It sits above every Statement of Work Postlight sends across to a prospective client:
The below represents a high-level description of the scope of work required by this agreement. Any clarifications, modifications, deletions or additions must be mutually agreed upon.
At first glance it looks like a fairly innocuous snippet of legal language. It’s actually a lot more than that. It embodies how we at Postlight fundamentally view the software development process. You can pluck it out of its legal wrappings and sum it up in two words: things change.
When a prospect approaches Postlight, we have a series of conversations before we decide to move forward into legal paperwork. A lot gets discussed. We talk through what can get built. We discuss time and money constraints. We make recommendations on what makes sense to tackle first. We explain our process: Ship early and often. Iterate. Make decisions as we go.
Eventually, we end up with that Statement of Work (or SOW). It’s usually one to a few pages. Rarely longer than that. It’s a laundry list of what we’re committing to build. “You give us X dollars and we’ll give you a piece of software that does this list of things.”
Then we throw that clause on top. Above all else, it is an acknowledgement that every software effort is to some extent organic and fluid.
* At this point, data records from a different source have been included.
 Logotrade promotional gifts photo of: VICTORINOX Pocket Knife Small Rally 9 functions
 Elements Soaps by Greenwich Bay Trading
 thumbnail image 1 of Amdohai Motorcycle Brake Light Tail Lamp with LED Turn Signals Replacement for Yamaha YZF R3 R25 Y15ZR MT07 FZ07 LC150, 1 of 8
Decisions will be made as we go. We’ll tilt a few degrees to the left or right to get there. It is not only likely. It is inevitable. We are not going in with a blueprint.
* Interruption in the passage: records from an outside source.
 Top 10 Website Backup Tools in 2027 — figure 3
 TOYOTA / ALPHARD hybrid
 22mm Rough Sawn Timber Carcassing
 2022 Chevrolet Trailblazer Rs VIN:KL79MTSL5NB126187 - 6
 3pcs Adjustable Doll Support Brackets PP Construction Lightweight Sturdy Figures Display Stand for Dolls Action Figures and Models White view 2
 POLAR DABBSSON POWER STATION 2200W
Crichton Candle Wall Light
Sure there are SOWs that are extremely detailed. Some are delivered in spreadsheets. They try to account for every single bit of detail. The problem with that approach is it rarely leads to great software. Right out of the gate, it compromises strategic flexibility and hamstrings design. It may promise true clarity and predictability but it rarely unfolds that way. Then you have to share the bad news: “What you’re asking for is out of scope.” Meetings get set up. People are frustrated and sometimes angry. Change orders get drafted. It’s a demoralizing way to build software. It injects an adversarial dynamic to the process of creating something great.
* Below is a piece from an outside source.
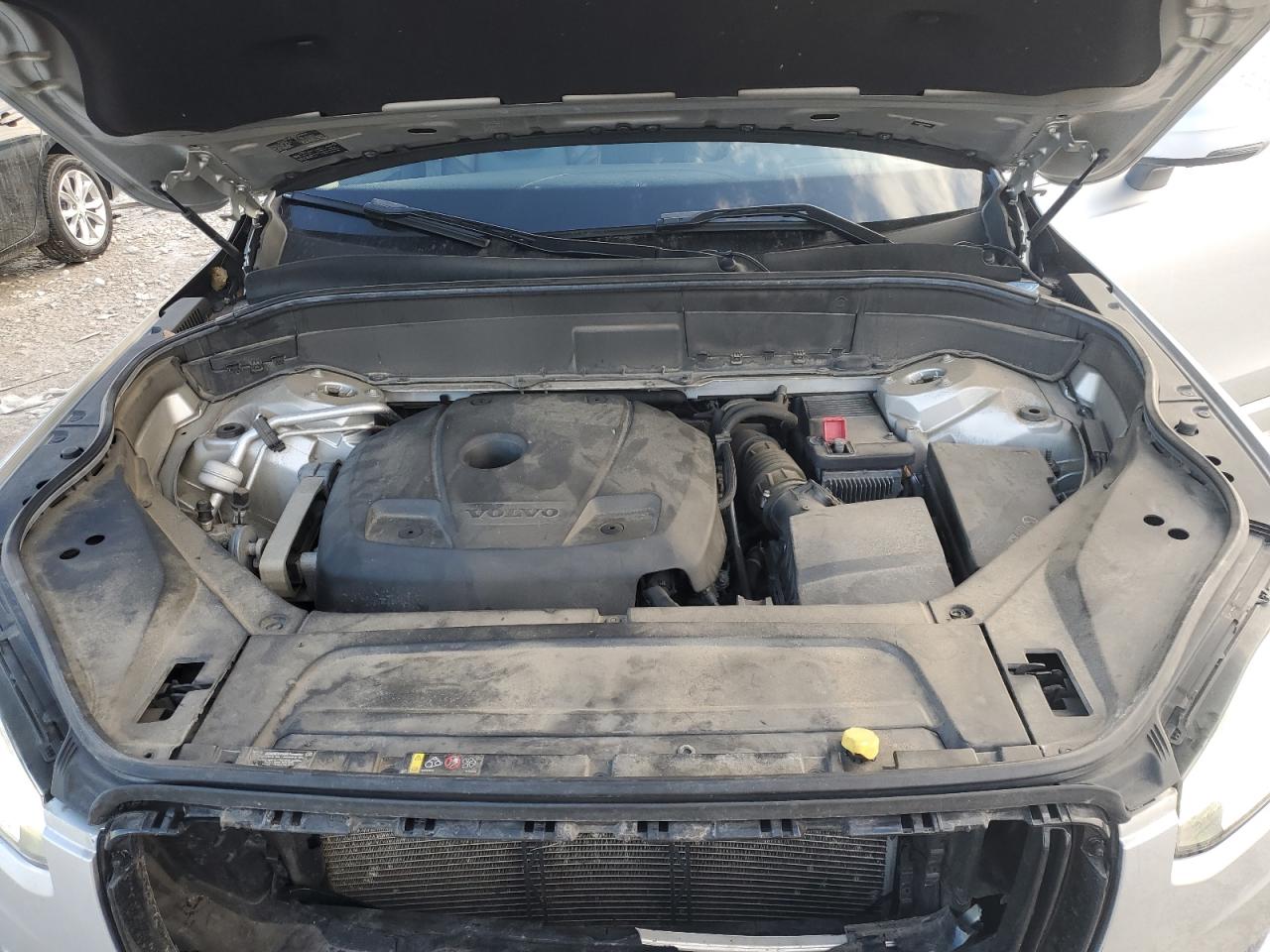 2017 Volvo XC90 VIN YV4A22PK1H1179167 Copart auction photo, front end damage thumbnail 12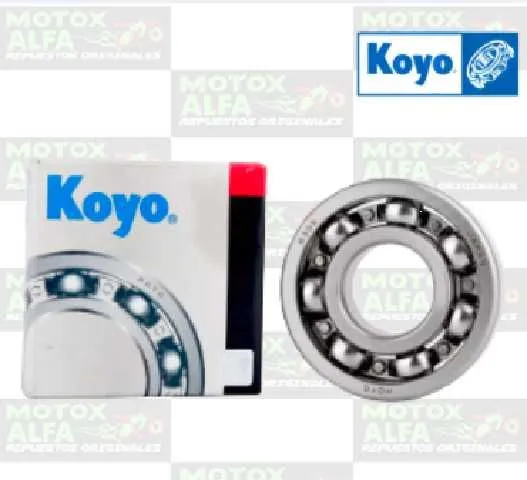 RULIMAN 6300 2RS EXT 35 INT 10 ALT 11 MANZANA DELANTERA AX100 C3 KOYO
The spirit behind the clause above is to acknowledge and embrace change throughout the software development process. It’s asking both sides to be reasonable and flexible and talk through decisions as we go. It’s going to happen anyway. Let’s skip the out-of-scope dance and get on with adjusting quickly to what makes sense as we work together. It replaces that adversarial dynamic with a collaborative one.
The lawyers hate this sort of thing. Legal language should be airtight. It should cover as many future scenarios as possible. Clauses like this rely on collaboration and trust. Put differently, they rely on a relationship in good faith. Assuming the best is not instinctive for most lawyers—your job is to protect your client.
Putting all this legal stuff aside, this is wise guidance for any software effort. Embrace change and work collaboratively. Great software is really hard. If you’re inside the team, tell everyone else that stuff will change. If you’re an outside customer, empathize and join the dialogue.
In the end we all want the same thing: a great software product.